Ain't that so right?  And not just about Trump or the US either. It applies just as strongly here. Brexit and Farage and Johnson are all manifestations of the myths about England's past. From Runnymede to Biggin Hill through Agincourt and Waterloo and plenty of other places too. Shakespeare's talk of this "sceptered isle" and of the English as some sort of chosen people helped to build the myths.

When I was a child we looked up to Americans and admired and envied them. We watched their myths being manufactured in the studios of Hollywood by flawed idols, many of them with serious psychological issues, who presented a false picture of a past that they dare not confront truthfully. But now all I see is a nation that is on the descent. The shining city on the hill is now abandoned in the rust belt of hate that is the daily diet of Americans. 

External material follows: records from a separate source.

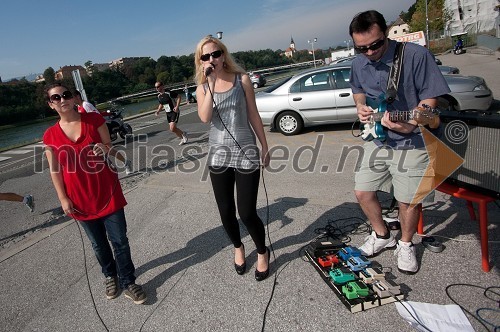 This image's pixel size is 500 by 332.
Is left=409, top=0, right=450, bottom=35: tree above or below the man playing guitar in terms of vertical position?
above

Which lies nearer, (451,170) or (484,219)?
(484,219)

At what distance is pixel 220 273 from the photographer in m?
2.96

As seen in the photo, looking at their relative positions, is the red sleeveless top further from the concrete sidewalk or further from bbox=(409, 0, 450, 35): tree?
bbox=(409, 0, 450, 35): tree

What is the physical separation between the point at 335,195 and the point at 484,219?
200 centimetres

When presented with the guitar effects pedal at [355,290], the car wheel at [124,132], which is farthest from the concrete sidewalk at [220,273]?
the car wheel at [124,132]

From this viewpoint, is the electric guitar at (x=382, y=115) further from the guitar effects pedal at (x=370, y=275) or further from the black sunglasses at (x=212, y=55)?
the black sunglasses at (x=212, y=55)

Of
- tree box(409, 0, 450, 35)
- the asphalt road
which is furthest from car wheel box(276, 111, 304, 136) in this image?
tree box(409, 0, 450, 35)

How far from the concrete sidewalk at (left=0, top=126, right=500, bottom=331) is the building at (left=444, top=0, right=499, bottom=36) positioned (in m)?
55.9

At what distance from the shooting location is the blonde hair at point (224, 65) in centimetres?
241

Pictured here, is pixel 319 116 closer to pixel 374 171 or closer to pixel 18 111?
pixel 374 171

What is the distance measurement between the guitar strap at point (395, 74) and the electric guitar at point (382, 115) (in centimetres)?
7

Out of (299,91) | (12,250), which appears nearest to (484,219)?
(12,250)

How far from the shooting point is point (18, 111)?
5541 centimetres

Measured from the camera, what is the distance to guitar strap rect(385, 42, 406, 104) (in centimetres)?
229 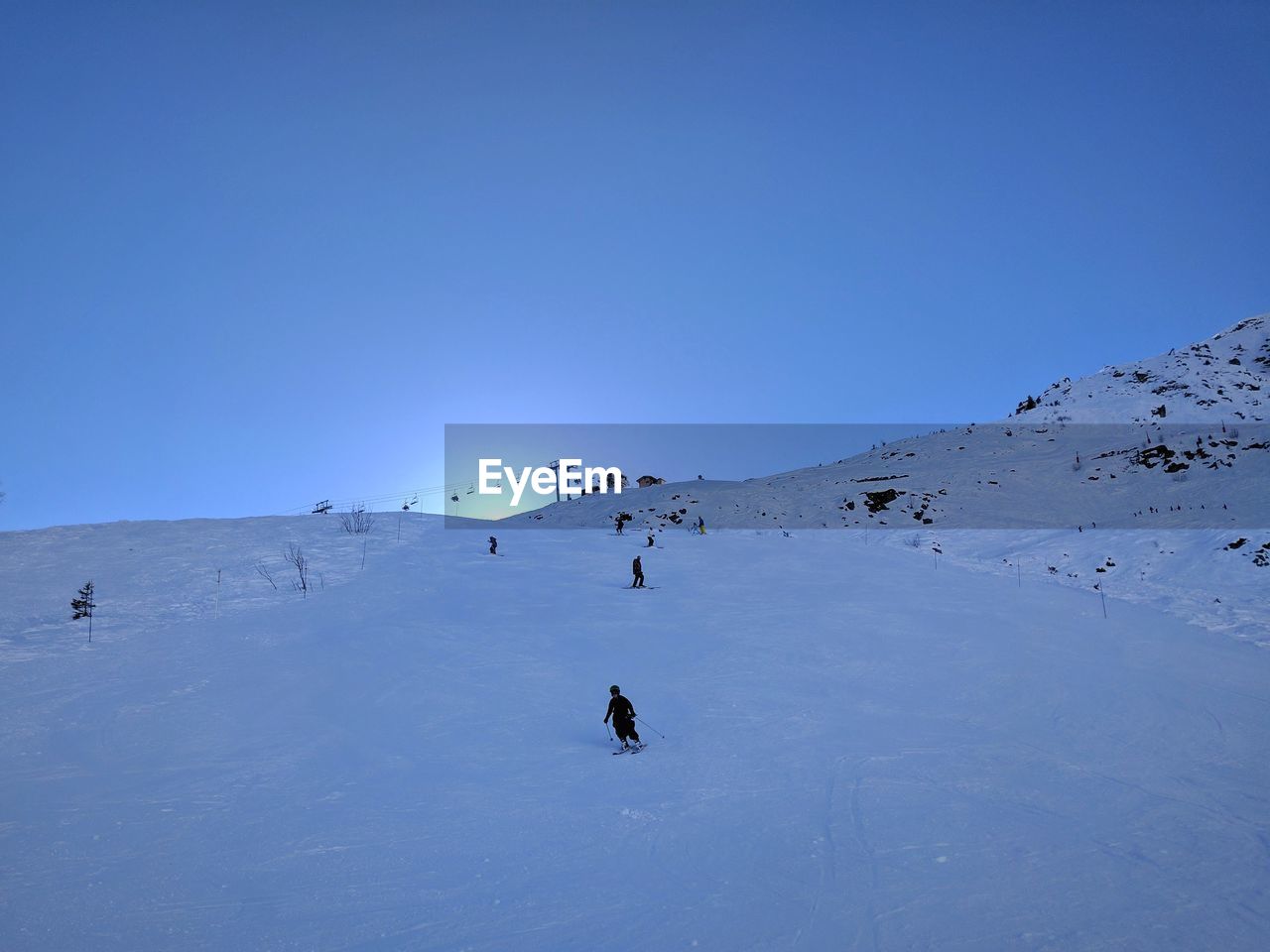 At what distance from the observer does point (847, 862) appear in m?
7.41

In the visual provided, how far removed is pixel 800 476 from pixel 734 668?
45.9 metres

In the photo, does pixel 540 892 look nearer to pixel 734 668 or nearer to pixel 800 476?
pixel 734 668

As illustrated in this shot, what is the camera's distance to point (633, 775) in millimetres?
10094

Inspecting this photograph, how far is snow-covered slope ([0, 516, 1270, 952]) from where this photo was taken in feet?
21.6

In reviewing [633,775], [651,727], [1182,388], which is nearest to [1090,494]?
[1182,388]

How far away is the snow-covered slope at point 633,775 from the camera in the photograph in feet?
21.6

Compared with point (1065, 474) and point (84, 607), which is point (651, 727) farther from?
point (1065, 474)

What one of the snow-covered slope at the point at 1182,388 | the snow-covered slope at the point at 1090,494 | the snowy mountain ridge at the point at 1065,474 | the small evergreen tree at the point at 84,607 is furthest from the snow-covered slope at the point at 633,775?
the snow-covered slope at the point at 1182,388

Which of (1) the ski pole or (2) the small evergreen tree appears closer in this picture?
(1) the ski pole

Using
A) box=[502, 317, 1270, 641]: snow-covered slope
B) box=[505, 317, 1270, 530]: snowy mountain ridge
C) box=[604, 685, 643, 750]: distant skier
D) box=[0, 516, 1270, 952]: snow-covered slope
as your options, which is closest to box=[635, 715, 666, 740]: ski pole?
box=[0, 516, 1270, 952]: snow-covered slope

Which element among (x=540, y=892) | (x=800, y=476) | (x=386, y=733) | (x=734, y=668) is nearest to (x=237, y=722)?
(x=386, y=733)

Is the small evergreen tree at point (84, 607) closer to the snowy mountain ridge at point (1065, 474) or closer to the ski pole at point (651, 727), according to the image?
the ski pole at point (651, 727)

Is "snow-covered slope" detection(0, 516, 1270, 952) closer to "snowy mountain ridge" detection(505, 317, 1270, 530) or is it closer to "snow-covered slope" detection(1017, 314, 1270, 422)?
"snowy mountain ridge" detection(505, 317, 1270, 530)

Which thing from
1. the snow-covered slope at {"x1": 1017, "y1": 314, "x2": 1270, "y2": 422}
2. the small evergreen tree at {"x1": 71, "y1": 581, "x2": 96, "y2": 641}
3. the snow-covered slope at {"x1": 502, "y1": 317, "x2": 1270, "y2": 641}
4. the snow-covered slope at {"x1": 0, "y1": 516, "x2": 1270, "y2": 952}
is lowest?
the snow-covered slope at {"x1": 0, "y1": 516, "x2": 1270, "y2": 952}
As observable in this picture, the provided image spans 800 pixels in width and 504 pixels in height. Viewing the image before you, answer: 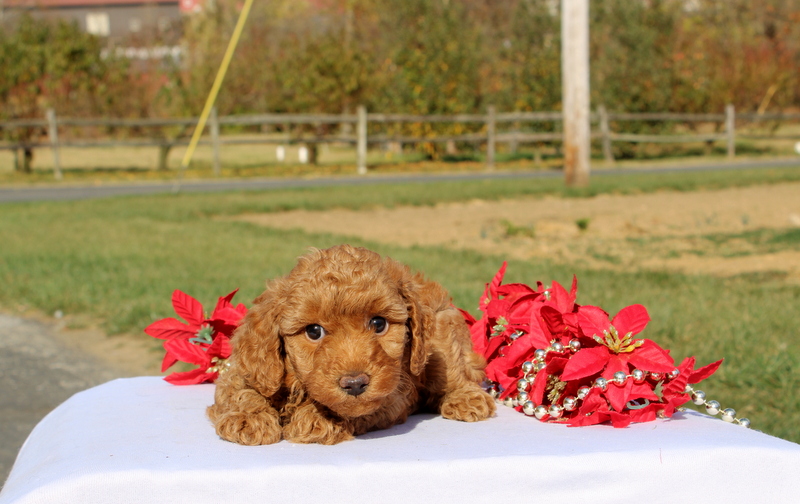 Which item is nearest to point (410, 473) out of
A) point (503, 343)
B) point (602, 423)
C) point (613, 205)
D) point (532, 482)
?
point (532, 482)

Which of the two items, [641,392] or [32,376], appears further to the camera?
[32,376]

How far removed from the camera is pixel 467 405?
9.44 ft

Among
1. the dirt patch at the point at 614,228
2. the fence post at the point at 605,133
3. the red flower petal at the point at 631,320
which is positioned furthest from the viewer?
the fence post at the point at 605,133

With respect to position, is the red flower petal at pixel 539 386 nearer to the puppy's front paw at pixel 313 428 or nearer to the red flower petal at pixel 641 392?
the red flower petal at pixel 641 392

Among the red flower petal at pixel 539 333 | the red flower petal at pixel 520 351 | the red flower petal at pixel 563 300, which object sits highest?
the red flower petal at pixel 563 300

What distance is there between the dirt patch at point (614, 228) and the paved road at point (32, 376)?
17.8 feet

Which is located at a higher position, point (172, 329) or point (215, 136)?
point (215, 136)

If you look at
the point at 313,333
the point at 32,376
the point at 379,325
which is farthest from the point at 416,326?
the point at 32,376

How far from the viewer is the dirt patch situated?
9.47m

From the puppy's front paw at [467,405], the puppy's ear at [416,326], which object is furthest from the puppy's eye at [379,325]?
the puppy's front paw at [467,405]

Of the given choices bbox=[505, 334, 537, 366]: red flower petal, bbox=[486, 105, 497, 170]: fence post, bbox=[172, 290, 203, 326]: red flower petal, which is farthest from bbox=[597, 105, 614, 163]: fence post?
bbox=[505, 334, 537, 366]: red flower petal

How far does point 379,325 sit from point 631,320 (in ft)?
3.15

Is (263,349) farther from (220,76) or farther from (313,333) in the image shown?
(220,76)

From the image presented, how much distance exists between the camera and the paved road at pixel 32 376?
4.65 metres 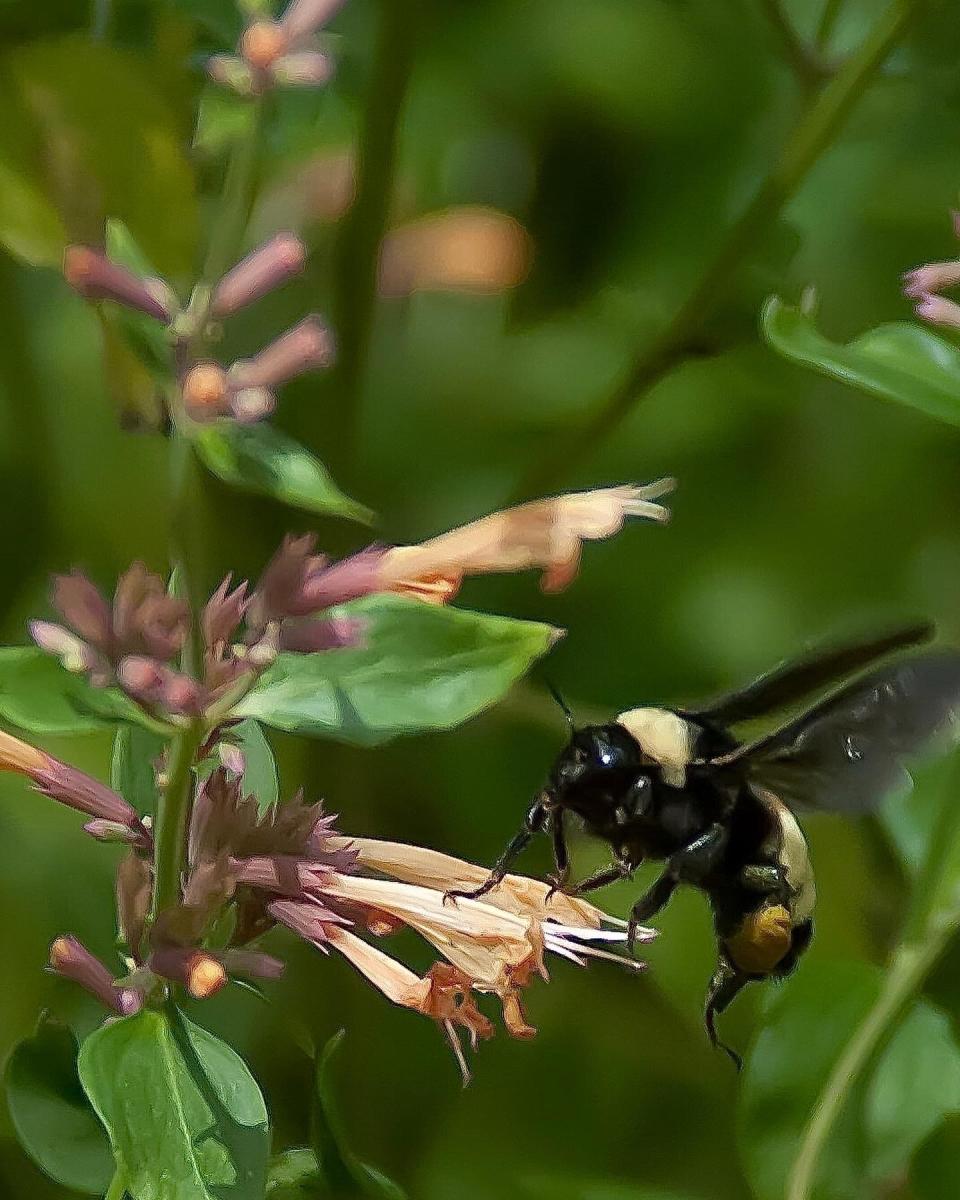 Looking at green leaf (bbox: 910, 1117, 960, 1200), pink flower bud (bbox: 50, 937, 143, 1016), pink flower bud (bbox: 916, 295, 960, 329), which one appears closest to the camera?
pink flower bud (bbox: 50, 937, 143, 1016)

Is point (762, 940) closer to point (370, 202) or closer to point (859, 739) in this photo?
point (859, 739)

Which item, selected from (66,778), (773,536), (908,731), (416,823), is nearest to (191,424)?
(66,778)

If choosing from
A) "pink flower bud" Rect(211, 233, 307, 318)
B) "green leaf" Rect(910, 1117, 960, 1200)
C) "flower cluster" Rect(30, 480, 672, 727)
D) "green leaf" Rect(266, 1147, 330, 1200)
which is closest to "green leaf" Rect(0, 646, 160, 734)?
"flower cluster" Rect(30, 480, 672, 727)

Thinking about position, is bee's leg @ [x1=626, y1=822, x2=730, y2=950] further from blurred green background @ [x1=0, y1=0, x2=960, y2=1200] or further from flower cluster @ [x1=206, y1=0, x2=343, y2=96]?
flower cluster @ [x1=206, y1=0, x2=343, y2=96]

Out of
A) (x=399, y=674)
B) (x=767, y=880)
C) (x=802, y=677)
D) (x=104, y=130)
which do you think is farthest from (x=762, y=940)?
(x=104, y=130)

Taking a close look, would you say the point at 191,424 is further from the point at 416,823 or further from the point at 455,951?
the point at 416,823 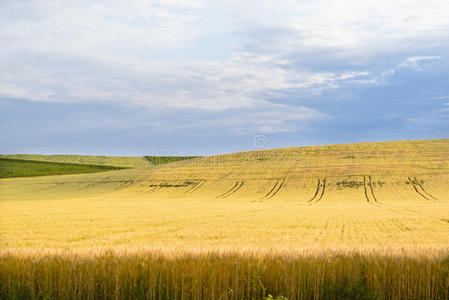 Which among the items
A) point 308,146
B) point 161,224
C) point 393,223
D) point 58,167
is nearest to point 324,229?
point 393,223

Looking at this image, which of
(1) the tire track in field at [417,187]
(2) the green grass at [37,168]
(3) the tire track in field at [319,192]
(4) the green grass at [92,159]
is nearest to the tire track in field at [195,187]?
(3) the tire track in field at [319,192]

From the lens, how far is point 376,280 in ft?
20.1

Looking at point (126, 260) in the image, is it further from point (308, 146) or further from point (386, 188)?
point (308, 146)

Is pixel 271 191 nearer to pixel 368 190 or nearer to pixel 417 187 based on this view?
pixel 368 190

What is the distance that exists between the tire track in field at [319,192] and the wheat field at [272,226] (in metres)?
0.27

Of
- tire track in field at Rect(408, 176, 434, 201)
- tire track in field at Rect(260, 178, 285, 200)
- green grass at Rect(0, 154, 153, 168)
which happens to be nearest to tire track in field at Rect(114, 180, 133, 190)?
tire track in field at Rect(260, 178, 285, 200)

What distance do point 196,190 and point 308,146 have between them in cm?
3643

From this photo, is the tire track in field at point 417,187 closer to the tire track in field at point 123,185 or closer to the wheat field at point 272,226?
the wheat field at point 272,226

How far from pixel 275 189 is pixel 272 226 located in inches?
1506

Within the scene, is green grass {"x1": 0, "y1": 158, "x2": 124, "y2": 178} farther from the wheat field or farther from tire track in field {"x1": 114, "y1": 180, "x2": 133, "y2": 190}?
tire track in field {"x1": 114, "y1": 180, "x2": 133, "y2": 190}

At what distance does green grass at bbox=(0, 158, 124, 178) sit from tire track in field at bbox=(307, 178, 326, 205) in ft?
222

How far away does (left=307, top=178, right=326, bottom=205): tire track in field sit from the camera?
2010 inches

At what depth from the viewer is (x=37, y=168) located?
4198 inches

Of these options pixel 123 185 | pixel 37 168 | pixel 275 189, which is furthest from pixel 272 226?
pixel 37 168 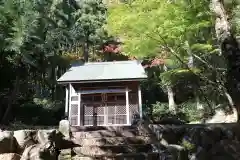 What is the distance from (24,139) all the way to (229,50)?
5.90 metres

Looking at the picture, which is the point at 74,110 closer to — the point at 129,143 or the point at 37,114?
the point at 37,114

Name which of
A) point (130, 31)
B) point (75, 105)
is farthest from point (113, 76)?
point (130, 31)

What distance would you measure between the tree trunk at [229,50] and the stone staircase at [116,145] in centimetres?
353

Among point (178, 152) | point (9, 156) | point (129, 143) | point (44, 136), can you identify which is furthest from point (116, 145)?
point (9, 156)

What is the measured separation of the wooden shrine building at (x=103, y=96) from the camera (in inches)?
655

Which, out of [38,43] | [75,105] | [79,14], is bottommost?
[75,105]

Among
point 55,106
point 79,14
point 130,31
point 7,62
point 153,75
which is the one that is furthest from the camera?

I worked for an American company for over twenty years and one American, a son of Dutch immigrants, use to give is slide shows about the US and I remember once him saying, in relation to their superpower status and specifically Vietnam, that they "mean well but often screw up."  How true that is.

What has happened to America? I really don't know. Putin has helped to drive division but let's be honest, at least as honest as Mr Glaude, that the Russian dictator didn't invent it although he has helped to amplify what was always there.

Anyone who has read John Steinbeck's The Grapes of Wrath will know what Americans are like when things get tough, as they did in the dust bowl of Oklahoma in the 1930s. If you haven't read it, I suggest you borrow a copy from your local library.

Well things are tough again for America, the rise of China is a challenge to their position as the most powerful nation on earth and their leadership of the west for the last century or more is coming under threat.  Like Britain in the 1950s they are undergoing a profound change and it's so easy to blame others - like China, Putin, Trump - as we blame immigrants or the EU.

But we have to live in and adapt to the world as it is, not as it used to be or as we thought it was or should be.  The problems faced on both sides of the Atlantic are the product of deep seated psychological issues surrounding the inability to recognise that circumstances have changed. Living with the myths and legends of the past will not serve us well in the future. Our problems are inside ourselves and only we can solve them.

But first we must recognise what they are. At the moment, neither we or the Americans have go that far.